In [None]:
import pandas as pd
import seaborn as sns
import matplotlib.pyplot as plt
from warnings import filterwarnings
%matplotlib inline
filterwarnings('ignore')

import numpy as np
from scipy.stats import ttest_ind, ttest_ind_from_stats
from scipy.special import stdtr
from statistics import mean, stdev
from math import sqrt

In [None]:
df = pd.read_csv('Pies vs Waffles_May 3, 2018_21.52 2.csv', skiprows = [0,1])

In [None]:
print("Total Number of Surveys = ", len(df))

In [None]:
# rename columns
old_names = df.columns
new_names = []
for old_name in old_names:
    new_name = eval(old_name)['ImportId']
    new_names.append(new_name)
    
df.columns = new_names

In [None]:
def plot_distributions(list_to_graph, list_names, x, y, title, real_val, print_val = True, file_im = "images/something.png"):
    fig, ax = plt.subplots()
    for i, data in enumerate(list_to_graph):
        sns.set_style("white")
        sns.distplot(data, hist = False, kde_kws={"label":list_names[i]})
    ax.set(xlabel= x, ylabel= y)
    ax.set_title(title, size=12.5, weight='bold')
    if print_val:
        ax.axvline(x=real_val, linewidth=1, color='r')
        lim_y = ax.get_ylim()
        lim_x = ax.get_xlim()
        plt.text(real_val - ((lim_y[1] - lim_y[0])/7) , (lim_y[1] - lim_y[0])/10,'value', rotation = 90)
    
    plt.savefig(file_im)

In [None]:
# plot time taken to complete each survey
def make_plot(df, col_name, x, y, title):
    ax = sns.distplot(df[col_name])
    ax.set(xlabel= x, ylabel= y)
    ax.set_title(title)
    plt.savefig("images/one.png")

        
make_plot(df, 'duration', 'Duration (Seconds)', 'Density', "Distribution of Time Taken to Complete Surveys")

## Question 1

### Does the perception of one slice/area depend on the size of the other slices/areas?

In [None]:
pie1 = df[(df['QID1_1'].notnull())]['QID1_1']
pie2 = df[(df['QID3_1'].notnull())]['QID3_1']
pie3 = df[(df['QID4_1'].notnull())]['QID4_1']
pie4 = df[(df['QID5_1'].notnull())]['QID5_1']
pies = [pie1, pie2, pie3, pie4]
waffle1 = df[(df['QID7_1'].notnull())]['QID7_1']
waffle2 = df[(df['QID8_1'].notnull())]['QID8_1']
waffle3 = df[(df['QID9_1'].notnull())]['QID9_1']
waffle4 = df[(df['QID10_1'].notnull())]['QID10_1']
waffles = [waffle1, waffle2, waffle3, waffle4]

In [None]:
# Among categories
names = ["pie1", "waffle1"]
plot_distributions([pie1, waffle1], names, "Answer", "Probability", "Comparison", 14, True, "images/two.png")

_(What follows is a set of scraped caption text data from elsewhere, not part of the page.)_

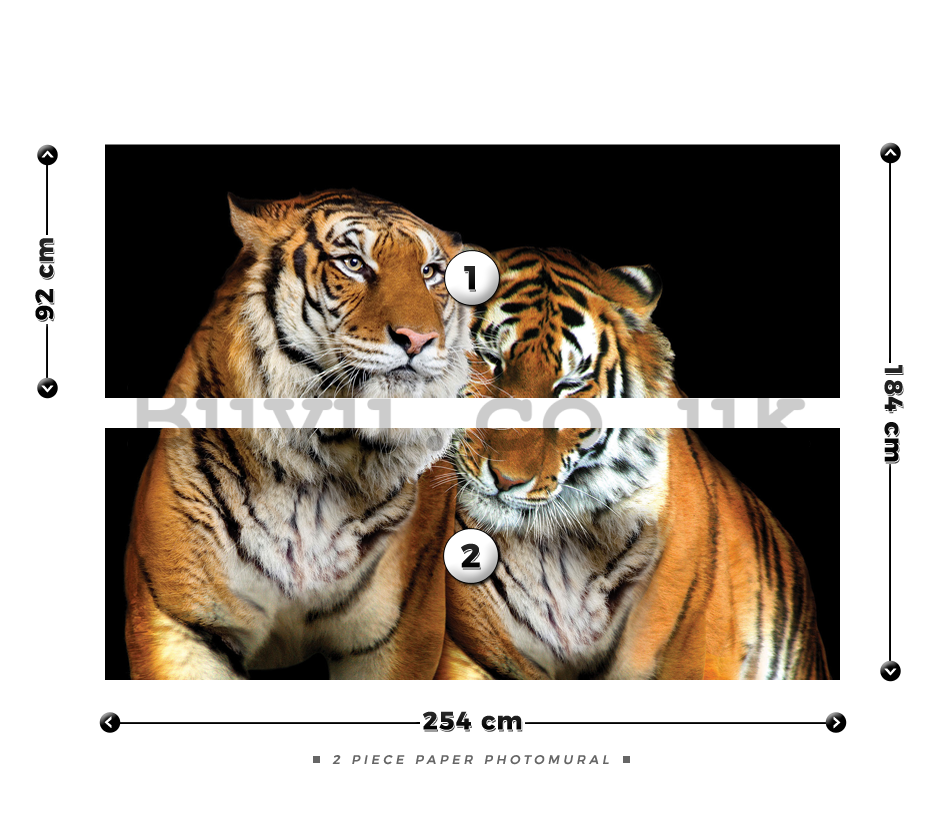 Wall Mural: Two Tigers - 184x254 cm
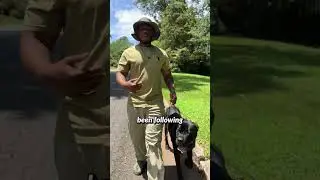 A big concern with sending dogs to us is will the training translate and last.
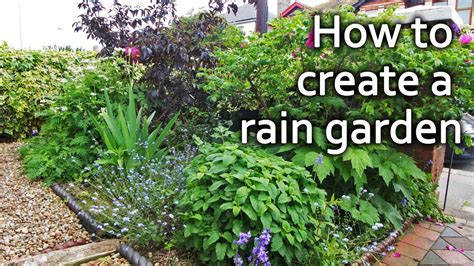 How to Build a Rain Garden | Utilise Rainwater and Prevent Flooding - YouTube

names = ["pie2", "waffle2"]
plot_distributions([pie2, waffle2], names, "Answer", "Probability", "Comparison", 14, False, "images/three.png")

names = ["pie3", "waffle3"]
plot_distributions([pie3, waffle3], names, "Answer", "Probability", "Comparison", 14, True, "images/four.png")

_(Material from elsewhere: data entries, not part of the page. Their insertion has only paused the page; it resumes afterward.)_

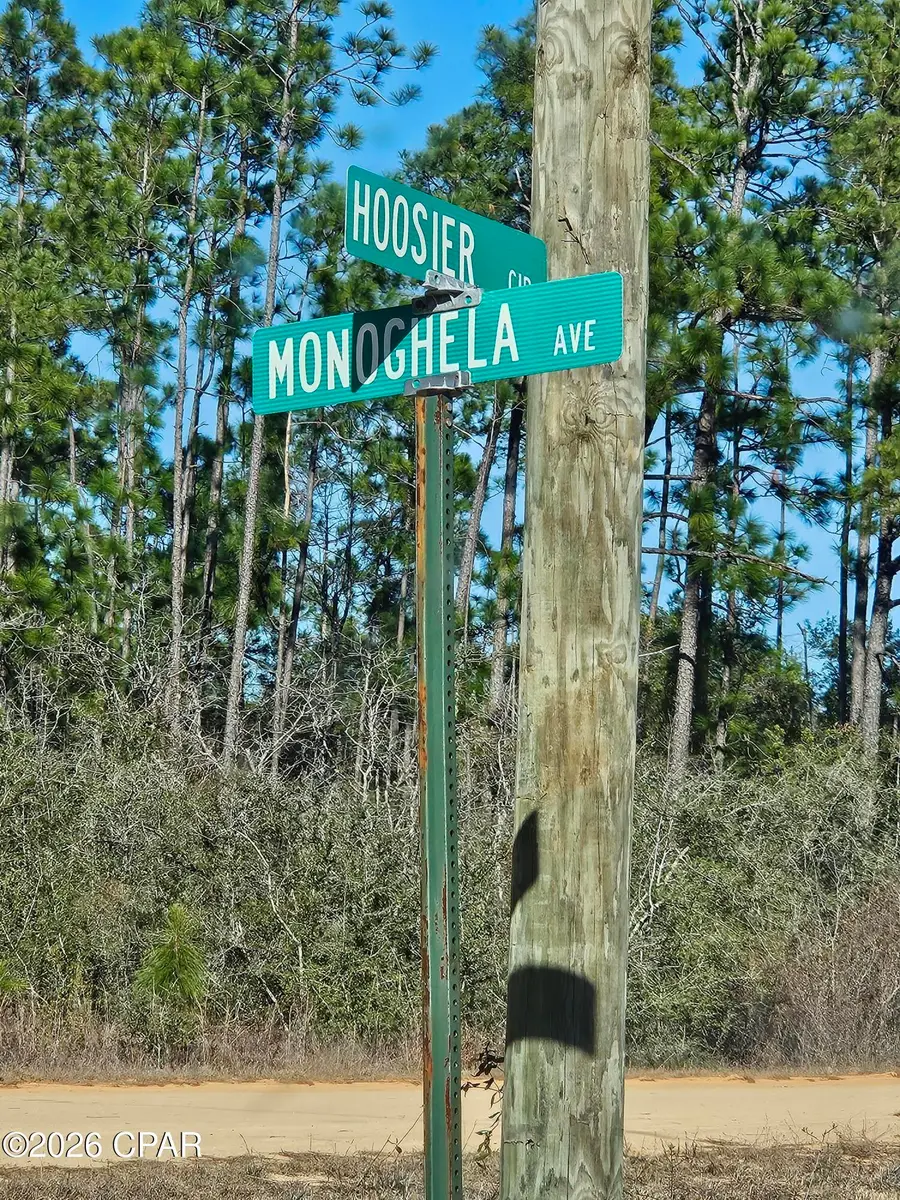 00 Monogahela Avenue, Alford, FL 32420 - #3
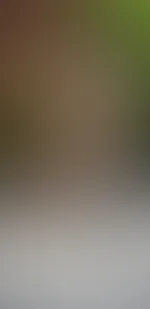 Auf geht's zur Kinkyparty 😁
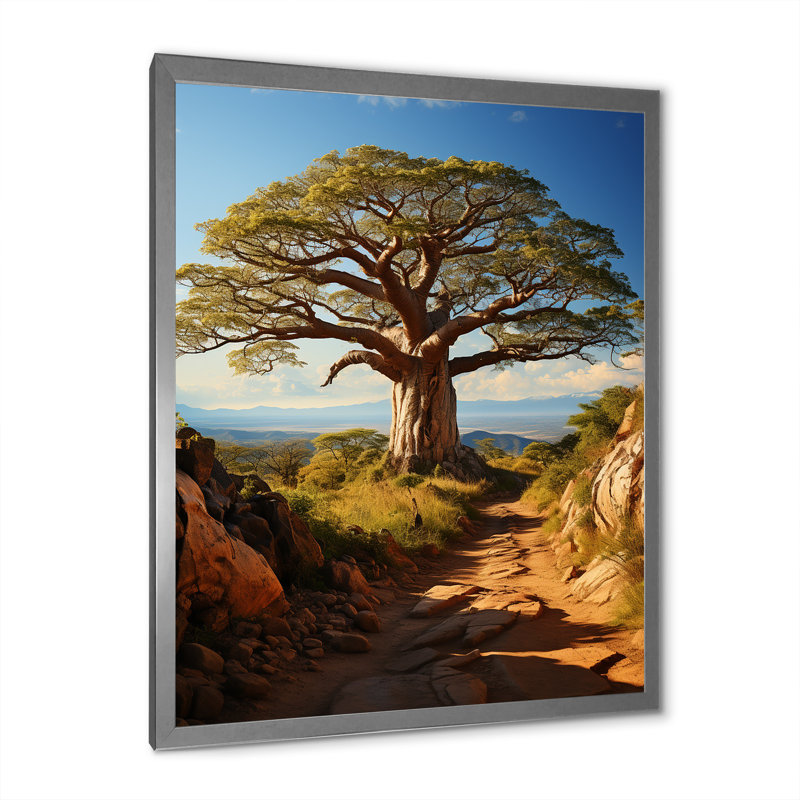Baobab Tree Serenade II - impressions murales florales et botaniques, H 32 po x l 24 po x P 1 po, Cadre photo argenté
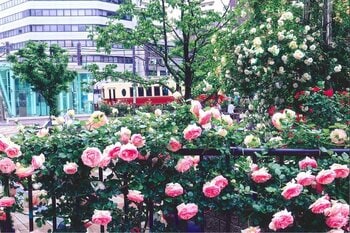 「第25回大塚バラまつり」を5月3日から開催！約710品種1210株のバラを楽しめる祭典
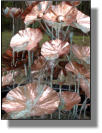 Testing of copper Lotus fountain destined for Sarasota, Florida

names = ["pie4", "waffle4"]
plot_distributions([pie4, waffle4], names, "Answer", "Probability", "Comparison", 14, True, "images/five.png")

In [None]:
# Intercategory
names = ["pie1", "pie2", "pie3", "pie4"]
plot_distributions(pies, names, "Answer", "Probability", "Comparison", 14, True, "images/six.png")

names = ["waffle1", "waffle2", "waffle3", "waffle4"]
plot_distributions(waffles, names, "Answer", "Probability", "Comparison", 14, False, "images/seven.png")

## Question 2 : Total number of observations

In [None]:
pie1000 = df[(df['QID13_1'].notnull())]['QID13_1']
pie874 = df[(df['QID14_1'].notnull())]['QID14_1']
pies = [pie1000,pie874]
waffle1000 = df[(df['QID18_1'].notnull())]['QID18_1']
waffle874 = df[(df['QID19_1'].notnull())]['QID19_1']
waffles = [waffle1000,waffle874]

In [None]:
pie1000 = df[(df['QID13_1'].notnull())]['QID13_1']
pie874 = df[(df['QID14_1'].notnull())]['QID14_1']
pies = [pie1000,pie874]
waffle1000 = df[(df['QID18_1'].notnull())]['QID18_1']
waffle874 = df[(df['QID19_1'].notnull())]['QID19_1']
waffles = [waffle1000,waffle874]

In [None]:
# Pie Vs Waffle
names = ["pie1000", "waffle1000"]
plot_distributions([pie1000, waffle1000], names, "Answer", "Probability", "Comparison", 140, True, "images/eight.png")

names = ["pie874", "waffle874"]
plot_distributions([pie874, waffle874], names, "Answer", "Probability", "Comparison", 140, True, "images/nine.png")

In [None]:
# Among categories
names = ["pie1000", "pie874"]
plot_distributions([pie1000, pie874], names, "Answer", "Probability", "Comparison", 140, True, "images/ten.png")

names = ["waffle1000", "waffle874"]
plot_distributions([waffle1000, waffle874], names, "Answer", "Probability", "Comparison", 140, True,"images/eleven.png")

## Question 3 

### Comparison : Adjacent vs Not

In [None]:
p1 = df[(df['QID23'].notnull())]['QID23']
p2 = df[(df['QID28'].notnull())]['QID28']
p3 = df[(df['QID29'].notnull())]['QID29']
p4 = df[(df['QID30'].notnull())]['QID30']
p5 = df[(df['QID31'].notnull())]['QID31']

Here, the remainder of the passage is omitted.